Update: August 6, 2023

Not yet possible in any useful sense, DNA has the potential to be the backbone for molecular electronic circuits – electronics at the smallest scale – and towards this scientist are hunting through its structure and testing modifications to find useful non-linear electrical characteristics and switching behaviours.

At the Tokyo Institute of Technology, a team has connected a short DNA strand – 90 nucleotides long, called a ’90-mer’ (like polymer) – in an unusual way and found both conductivity, a non-linear characteristic and a self-repairing nature.

The experiment involves a scanning tunnelling microscope (STM) with a gold probe tip, a gold substrate and the DNA strand.

According to the university, the usual way to look at such strands is to catch one long-ways between the microscope probe tip and the substrate, and this reveals that resistance increases with length until nothing much can be measured.

What the Tokyo team did was to measure across the strand instead of along it.

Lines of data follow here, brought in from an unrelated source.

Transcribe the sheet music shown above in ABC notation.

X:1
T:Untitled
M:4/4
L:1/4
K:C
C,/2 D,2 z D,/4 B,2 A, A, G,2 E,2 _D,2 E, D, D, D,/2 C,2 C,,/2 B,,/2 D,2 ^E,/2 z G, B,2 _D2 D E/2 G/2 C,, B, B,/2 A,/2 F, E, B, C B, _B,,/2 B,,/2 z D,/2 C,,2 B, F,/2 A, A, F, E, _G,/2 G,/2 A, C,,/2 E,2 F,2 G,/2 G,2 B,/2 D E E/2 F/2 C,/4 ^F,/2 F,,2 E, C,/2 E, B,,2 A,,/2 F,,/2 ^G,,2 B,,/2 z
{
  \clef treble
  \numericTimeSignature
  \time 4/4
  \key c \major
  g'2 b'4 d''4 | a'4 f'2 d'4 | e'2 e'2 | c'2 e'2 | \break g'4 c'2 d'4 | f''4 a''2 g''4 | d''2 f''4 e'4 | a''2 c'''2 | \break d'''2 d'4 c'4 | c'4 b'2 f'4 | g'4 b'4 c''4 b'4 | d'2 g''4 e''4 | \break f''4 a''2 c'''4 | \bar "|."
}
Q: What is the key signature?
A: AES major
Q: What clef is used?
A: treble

They made one end of the strand ‘sticky’ by bonding sulphur atoms separately each of the single strands that make up the double-stranded helix of the DNA 90-mer.

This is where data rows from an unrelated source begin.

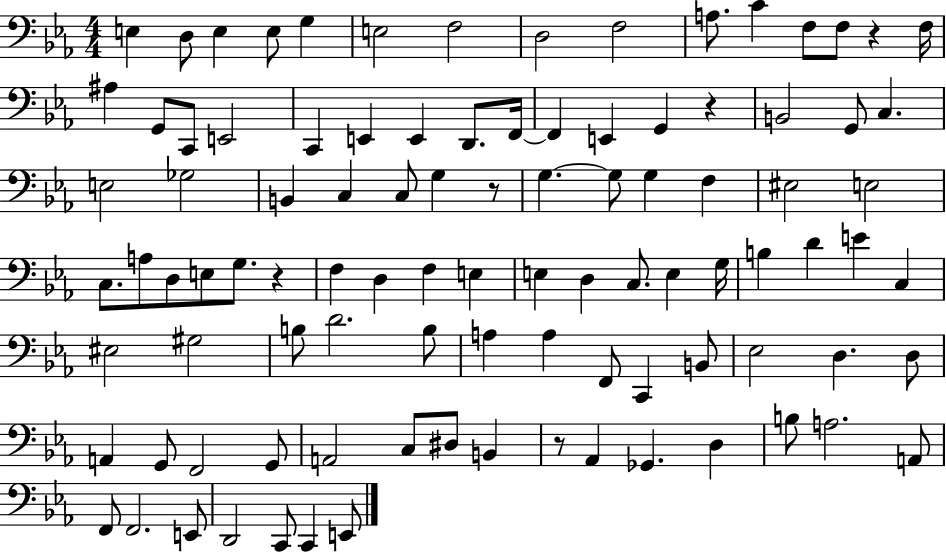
E3/q D3/e E3/q E3/e G3/q E3/h F3/h D3/h F3/h A3/e. C4/q F3/e F3/e R/q F3/s A#3/q G2/e C2/e E2/h C2/q E2/q E2/q D2/e. F2/s F2/q E2/q G2/q R/q B2/h G2/e C3/q. E3/h Gb3/h B2/q C3/q C3/e G3/q R/e G3/q. G3/e G3/q F3/q EIS3/h E3/h C3/e. A3/e D3/e E3/e G3/e. R/q F3/q D3/q F3/q E3/q E3/q D3/q C3/e. E3/q G3/s B3/q D4/q E4/q C3/q EIS3/h G#3/h B3/e D4/h. B3/e A3/q A3/q F2/e C2/q B2/e Eb3/h D3/q. D3/e A2/q G2/e F2/h G2/e A2/h C3/e D#3/e B2/q R/e Ab2/q Gb2/q. D3/q B3/e A3/h. A2/e F2/e F2/h. E2/e D2/h C2/e C2/q E2/e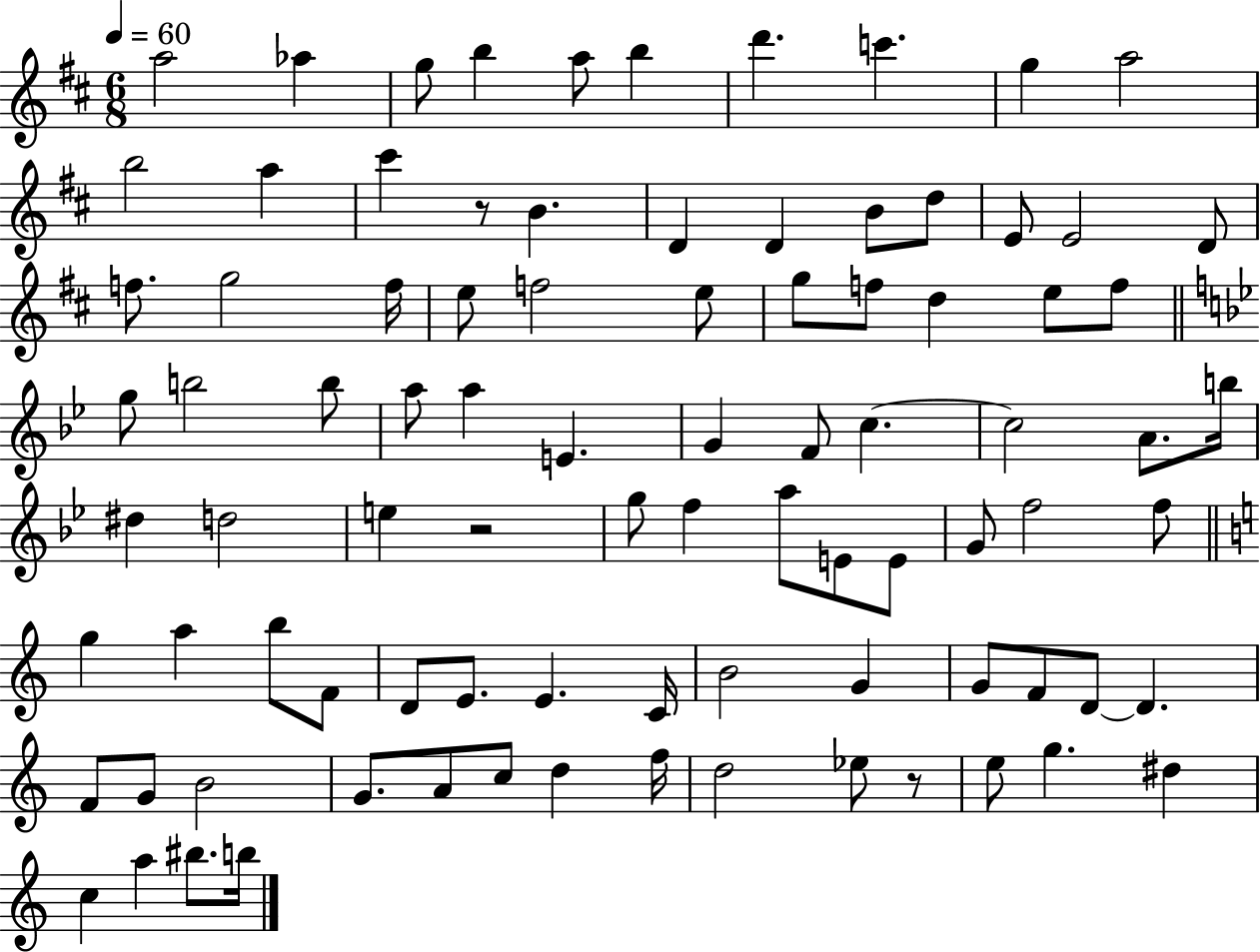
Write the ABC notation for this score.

X:1
T:Untitled
M:6/8
L:1/4
K:D
a2 _a g/2 b a/2 b d' c' g a2 b2 a ^c' z/2 B D D B/2 d/2 E/2 E2 D/2 f/2 g2 f/4 e/2 f2 e/2 g/2 f/2 d e/2 f/2 g/2 b2 b/2 a/2 a E G F/2 c c2 A/2 b/4 ^d d2 e z2 g/2 f a/2 E/2 E/2 G/2 f2 f/2 g a b/2 F/2 D/2 E/2 E C/4 B2 G G/2 F/2 D/2 D F/2 G/2 B2 G/2 A/2 c/2 d f/4 d2 _e/2 z/2 e/2 g ^d c a ^b/2 b/4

As sulphur bonds to gold, the sulphur-tipped 90-mers stuck to the substrate by one end (above left).

By bringing the gold STM tip close to the attached DNA, they could sometimes pick up the end of just one of the single strands of the 90-mer, leaving the other single-strand stuck to the substrate (diagram right). This let the researchers measure the electrical characteristics across a mid-length DNA strand for the first time.

Conductivity was found to be high, revealed by theoretical modelling to be due to delocalised π electrons that move freely around the molecule, according to the researchers.

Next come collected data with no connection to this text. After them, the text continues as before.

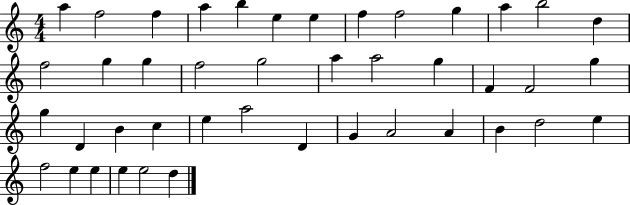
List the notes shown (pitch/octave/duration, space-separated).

A5/q F5/h F5/q A5/q B5/q E5/q E5/q F5/q F5/h G5/q A5/q B5/h D5/q F5/h G5/q G5/q F5/h G5/h A5/q A5/h G5/q F4/q F4/h G5/q G5/q D4/q B4/q C5/q E5/q A5/h D4/q G4/q A4/h A4/q B4/q D5/h E5/q F5/h E5/q E5/q E5/q E5/h D5/q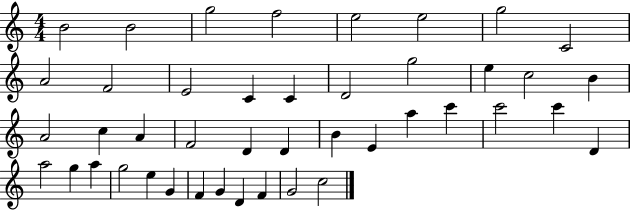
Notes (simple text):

B4/h B4/h G5/h F5/h E5/h E5/h G5/h C4/h A4/h F4/h E4/h C4/q C4/q D4/h G5/h E5/q C5/h B4/q A4/h C5/q A4/q F4/h D4/q D4/q B4/q E4/q A5/q C6/q C6/h C6/q D4/q A5/h G5/q A5/q G5/h E5/q G4/q F4/q G4/q D4/q F4/q G4/h C5/h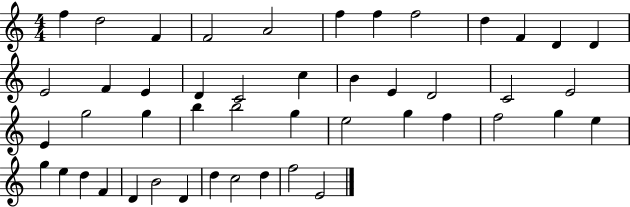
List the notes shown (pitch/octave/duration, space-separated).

F5/q D5/h F4/q F4/h A4/h F5/q F5/q F5/h D5/q F4/q D4/q D4/q E4/h F4/q E4/q D4/q C4/h C5/q B4/q E4/q D4/h C4/h E4/h E4/q G5/h G5/q B5/q B5/h G5/q E5/h G5/q F5/q F5/h G5/q E5/q G5/q E5/q D5/q F4/q D4/q B4/h D4/q D5/q C5/h D5/q F5/h E4/h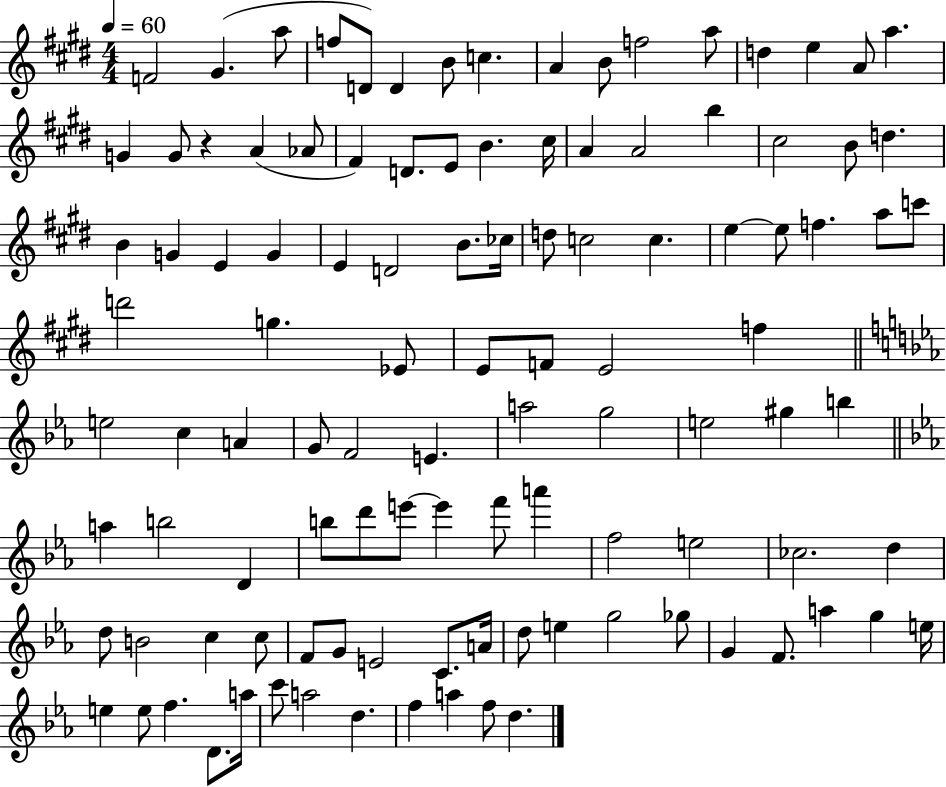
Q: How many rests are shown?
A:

As they pulled the probe away from the substrate, they found a kink in the distance-conductance curve – sadly hard to see in the graph provided by the university (left) as thousands of measurements are superimposed. The combined kinks form the dark patch just below G/G0=0.002  conductivity and above ~0.1nm displacement.

“The single plateau and subsequent conductance decay in the traces indicate that these plateaus are attributed to the single-molecule junction that contains DNA,” according to the team in a paper published in Nature Communications.

This and the high conductivity is what leads the researchers, who now have a full theoretical grip on the processes, to conclude that this is useful knowledge for future DNA circuit designers to exploit.

The experiments also revealed that the DNA strand would unravel if the ends were pulled, and then spontaneous re-connect without residual damage when the probe descended again – the 90-mer displayed some odd characteristics while this happens, described in the Nature paper along with a possible mechanism.

Lastly, if the substrate was coated with one type of ‘half-DNA’ strand and the partner half-strands were deposited on the probe tip, 90-mer DNA spontaneously formed when the probe was moved close to the substrate.

These last two characteristics suggest robust self-assembly should future circuits need it.

Full details can be read without payment in the Nature Communications paper ‘Single-molecule junction spontaneously restored by DNA zipper‘.